[INFORMATION SHOWN]:
####

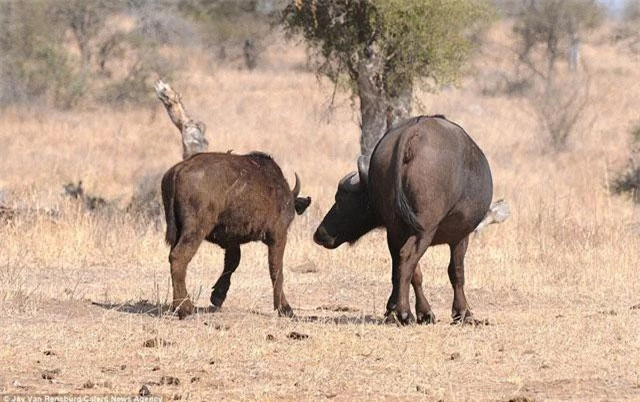 Cuối cùng, trâu con cùng mẹ bỏ đi. Được biết, toàn bộ cảnh tượng này được các du khách tình cờ ghi lại được tại Vườn quốc gia Kruger ở Nam Phi.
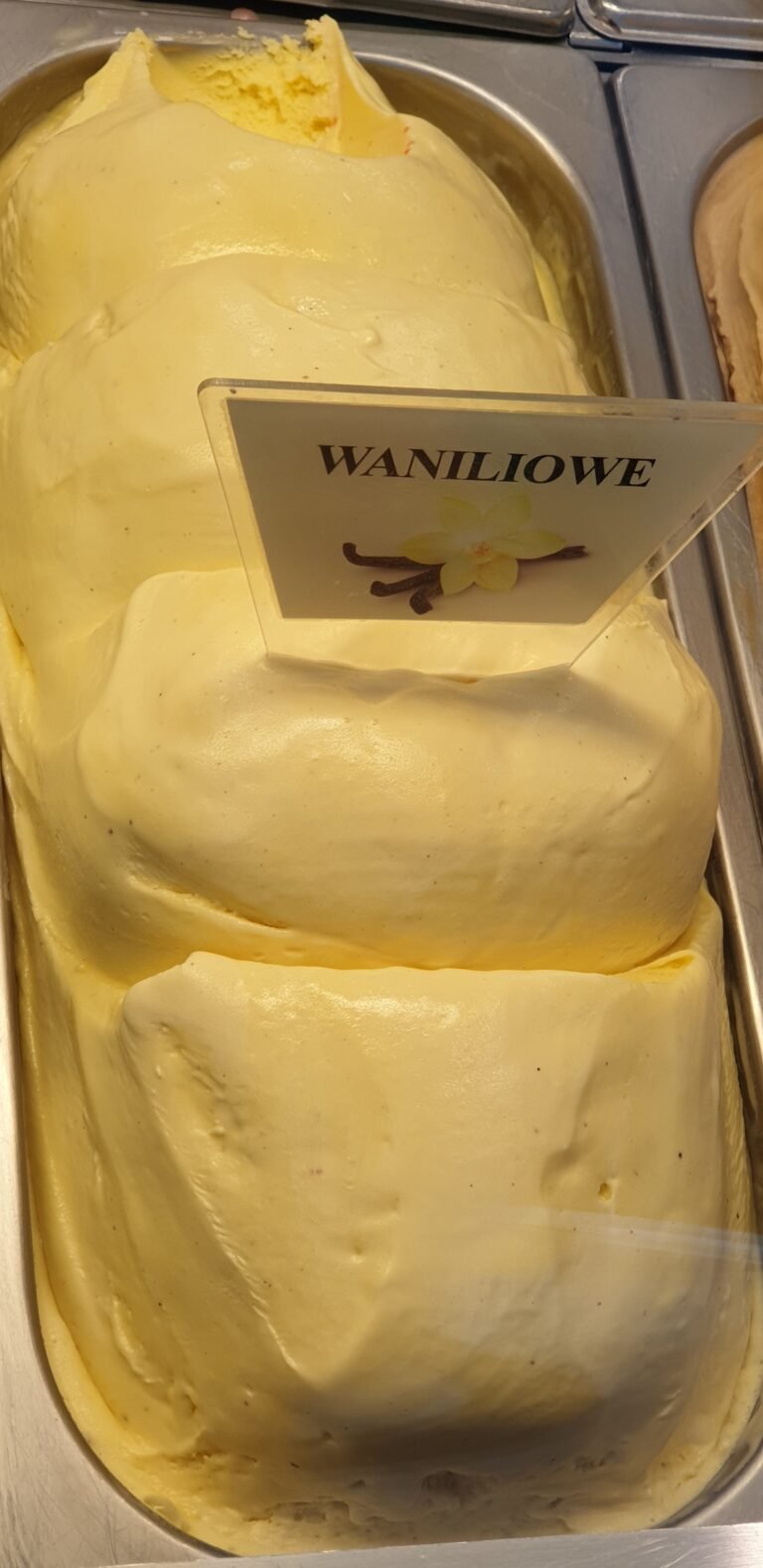 Photo of ice cream for Dog Eat Guide food safety article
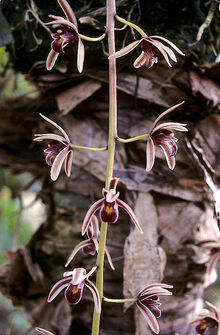 Cymbidium aloifolium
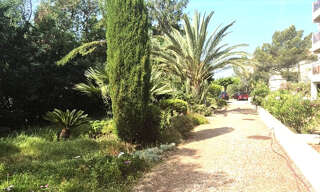 Appartement 1 Pièce 21 m² à louer à Saint-Raphaël (83700)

####

Leaving aside every picture, transcribe exactly the lines that run from the one with "Photo of ice" to the close of the listing above.

[ANSWER FOR THIS EXERCISE]:
 Photo of ice cream for Dog Eat Guide food safety article
 Cymbidium aloifolium
 Appartement 1 Pièce 21 m² à louer à Saint-Raphaël (83700)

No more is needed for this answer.